News

January 2014

Meetings Mean Business Amps Up Effort

BOSTON

A coalition of meetings industry professionals banded together to up the ante on the Meetings Mean Business advocacy effort, the genesis of which followed the 2009 AIG meeting scandal, the decision by Wells Fargo to cancel meetings, and negative comments about meetings and incentives from the Obama Administration in the wake of the TARP bailout.

The re-energized effort, launched Jan. 14 at PCMA's Convening Leaders conference in Boston and which is detailed on the Meetings Mean Business website, seeks to create an advocacy platform to show the value derived from business meetings, conferences, conventions, incentive travel, trade shows and exhibitions.

“The initial effort of the meetings mean business campaign kicked off in 2009—great campaign, great success, but frankly it never got legs, and I think one of the reasons is we didn't have the whole industry really united behind the campaign,” said David Peckinpaugh, president of Maritz Travel Company. “So what we've done over the last 18 months is build a true coalition—so the new campaign is really the Meetings Mean Business Coalition, and the important part of that is the whole ‘alphabet soup’ [of industry organizations] are involved.”

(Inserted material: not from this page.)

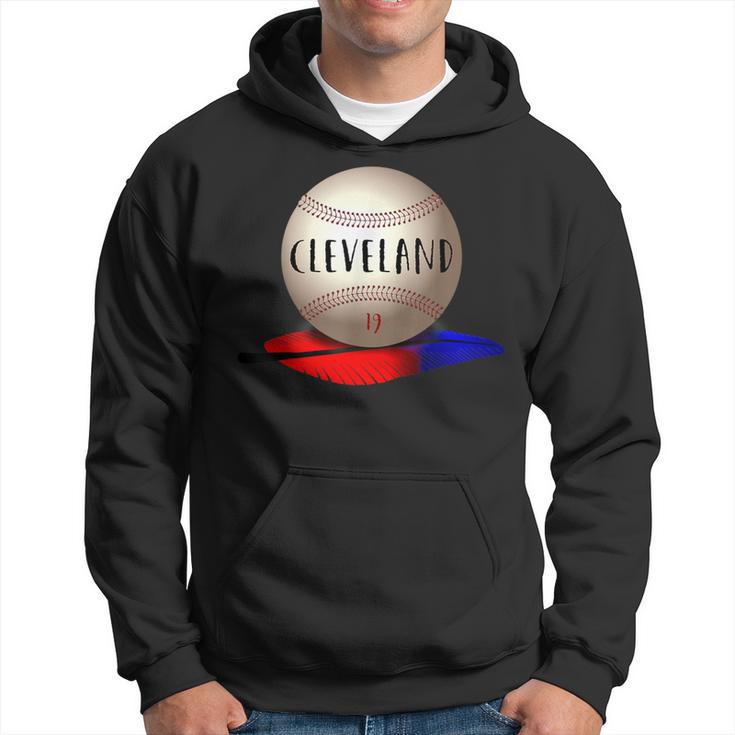 Cleveland Hometown Indian Tribe Baseball 19 Logo Hoodie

Meetings Mean Business Interview

In addition to creating and sustaining employment, the campaign will stress the value of face-to-face meetings to the national and local economies as well as their importance to innovation and business success. The effort will also focus on government meetings—an industry segment that is under intense scrutiny since the economic recession in late 2008—and their ability to facilitate training and development, taxpayer services and collaboration with other government agencies as well as the private sector.

According to organizers, the Meetings Mean Business effort will engage industry stakeholders, along with media and government policymakers in achieving the following three pillars:

  • Creating Personal Connections: Personal relationships are at the core of every business decision, no matter what industry. A face-to-face meeting provides professionals with personal interaction, which leads to deeper relationships.
  • Driving Positive Business Outcomes: Meetings and events deliver profits, help win new accounts and serve as education platforms. They provide a venue for introducing new products and ideas and allow colleagues and partners to come together to innovate and achieve results.
  • Building Strong Communities: Outside of the results driven by business meetings, the events and meetings industry creates hundreds of thousands of jobs, generates billions of dollars of revenue and supports communities across the country.

“It really is targeted [to] multiple audiences—Capitol Hill, obviously the politicians, are all part of that, we’ve got business leaders, we’ve got industry professionals,” Peckinpaugh said. “[It’s] local and national, and then eventually it will go global…all behind the value of face-to-face meetings.

Participants in the Meetings Mean Business campaign include the following organizations: 

U.S. Travel Association; American Society of Association Executives; Caesars Entertainment; CIC; Cruise Lines International Association; Disney Destinations; Destination Marketing Association International; HelmsBriscoe; Hilton Worldwide; Hyatt Corporation; International Association of Exhibitions & Events; Maritz Travel; Marriott International; MPI; MGM Resorts; PCMA; Society of Independent Show Organizers; Site Global; Starwood Hotels and Resorts Worldwide; and a number of major Destination Marketing Organizations.